Regarding the limitations, a fundamental constraint of the NG platform is perhaps its inherent self-limiting nature, as every division of the conjugated host cell dilutes the total surface-bound NGs (fig. S14A). Although we observed that IL-2/Fc NG-engineered Tregs ameliorated allograft acceptance outcomes in in vivo models compared with unmodified Tregs and Tregs supplemented with systemic IL-2/Fc, the effects of the IL-2/Fc NGs can last only as long as the supply of IL-2/Fc in the NG backpacks. Considering Treg viability is innately linked to the continuity of IL-2 signaling, one of our future efforts will be to optimize the release kinetics of the IL-2/Fc cargo from backpacked NGs. We postulate that altering the biochemical qualities of the crosslinkers that make up the IL-2/Fc NGs could further improve the homeostasis of NG Tregs and enable an equilibrium between the suppressive effects of the NG Tregs and their longevity. Alternatively, the self-limiting element of the NGs can be considered a natural safety mechanism in which the lifespan of the host cells and the number of cell divisions limit the effects of the membrane-tethered NGs. Additionally, we can envision the option of multiple therapeutic injections of NG-coupled Tregs to realize longer-lasting effects of IL-2/Fc NG-conjugated Tregs while balancing the inherent temporal limitations of the nanogels. Finally, future experiments are essential to expand on the preliminary results we presented regarding the potential paracrine effects facilitated by IL-2/Fc NG-backpacked Tregs. As the release of IL-2/Fc from the NG backpacks is mediated by reducing agents at the surface of the backpacked Tregs, robust activation of the IL-2/Fc NG-engineered Tregs could result in the off-target, paracrine IL-2-mediated stimulation of neighboring effector T cells by IL-2/Fc shedding from the nanogel backpacks (fig. S14B). On the other hand, activated effector T cells in the vicinity of naïve IL-2/Fc NG-engineered Tregs could non-specifically consume the backpacked IL-2/Fc through an increased redox potential at their cell surface (fig. S14C).

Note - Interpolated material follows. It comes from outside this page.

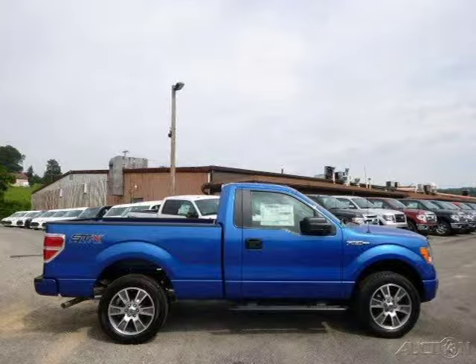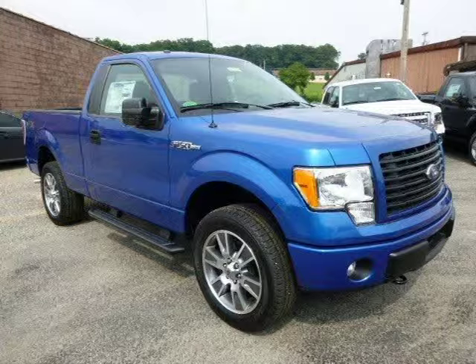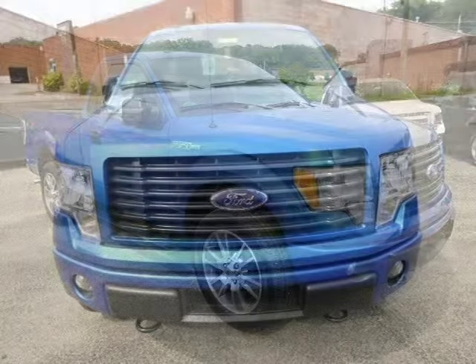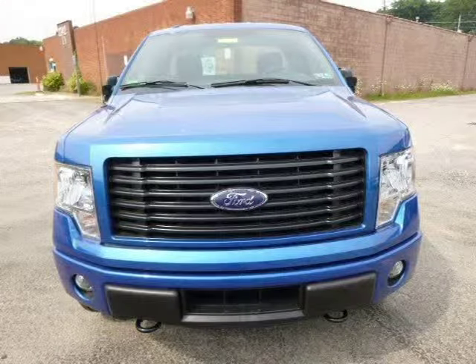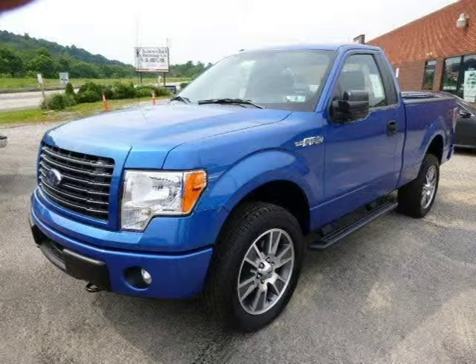This 2014 Ford F-150 is located in Zelenopal, Pennsylvania and has 3 miles on it. This Ford F-150 has a beautiful blue flame metallic exterior paint color which is complemented by a steel gray interior color. For more information on this great Ford F-150, please click the link below.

Beyond the current limitations of the IL-2/Fc NG platform that require to be addressed in future studies, the over-arching allure of this approach is its modularity and the potential to backpack alternative cytokines or biomolecules as adducted prodrugs for release in sites of antigen encounter (fig. S14D). For example, it can be envisioned that alternative cytokine-nanogel formulations such as IL-7 NGs can enhance the maintenance of tissue-specific Tregs or perhaps that formulations with IL-10 or TGF-β can promote the induction of paracrine infectious tolerance within the alloimmune microenvironment and, finally, that formulations with adjuvants or immunosuppressive drugs can allow backpacked Tregs to act as mules in delivering immunostimulatory or -suppressive payloads in situ.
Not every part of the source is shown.